Na hipótese, em apreço, ao contrário do articulado nas razões recursais, não restou comprovado pela prova oral a situação vexatória apontada, senão vejamos:

1ª Testemunha, Fernando Morília, fls. 191/192:

“….que o depoente esteve no churrasco de entrega do referido prêmio, que todas as equipes compareceram no referido churrasco sendo que foi declarado vencedor outra equipe, que não houve desavenças no churrasco mas uma certa “gozação” dos participantes…”

2ª testemunha, Marcelo de Andrade Lacerda, fls. 192/193:

“…que o depoente foi demitido antes da premiação “mata baratas”…”

Como se vê, não houve qualquer comportamento impróprio dos demais empregados no churrasco de confraternização, seja em manifestação por palavras, atos e gestos capazes de criar situação vexatória e constranger o trabalhador, incutindo sentimentos de humilhação, inferioridade, de forma a afetar à sua dignidade.

Frustração pessoal, contudo, pode ter ocorrido pela perda do prêmio (automóvel), mas não por atitudes de humilhação dos demais colegas de emprego a direito personalíssimo seu. Nada a modificar.

REEMBOLSO DE DESPESAS – INDENIZAÇÃO QUILÔMETRO RODADO:

O recorrente pretende obter indenização em decorrência da utilização de veículo de sua propriedade para a prestação dos serviços.

De início, cumpre consignar que há evidente contradição fática entre o trajeto a ser percorrido apontado na peça de ingresso (250 Km/dia) e a afirmação em depoimento pessoal (fl. 190), onde confessou que “rodava em torno de 50/60 Km por dia…”, situação essa que, de início, já compromete a pretensão.
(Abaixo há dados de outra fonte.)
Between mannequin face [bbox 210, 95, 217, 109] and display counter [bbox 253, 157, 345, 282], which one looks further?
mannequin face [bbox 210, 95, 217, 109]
Ainda que assim não fosse, o autor não demonstrou a existência de ajuste entre as partes nesse sentido, a justificar o deferimento da pretensão, sendo relevante notar, mais uma vez, que a cláusula coletiva transcrita na inicial (40ª – fl. 08) não guarda qualquer correspondência com as normas coletivas carreadas aos autos (fls. 103/156).

Por fim, se o reclamante utilizava veículo próprio para o desempenho de suas funções, fazia-o por iniciativa própria, razão pela qual a reclamada não estava obrigado a ressarcir/indenizar as despesas efetuadas. Nada a modificar.

Pelo exposto, decido conhecer do recurso ordinário do reclamante e, no mérito, negar-lhe provimento, nos termos da fundamentação supra.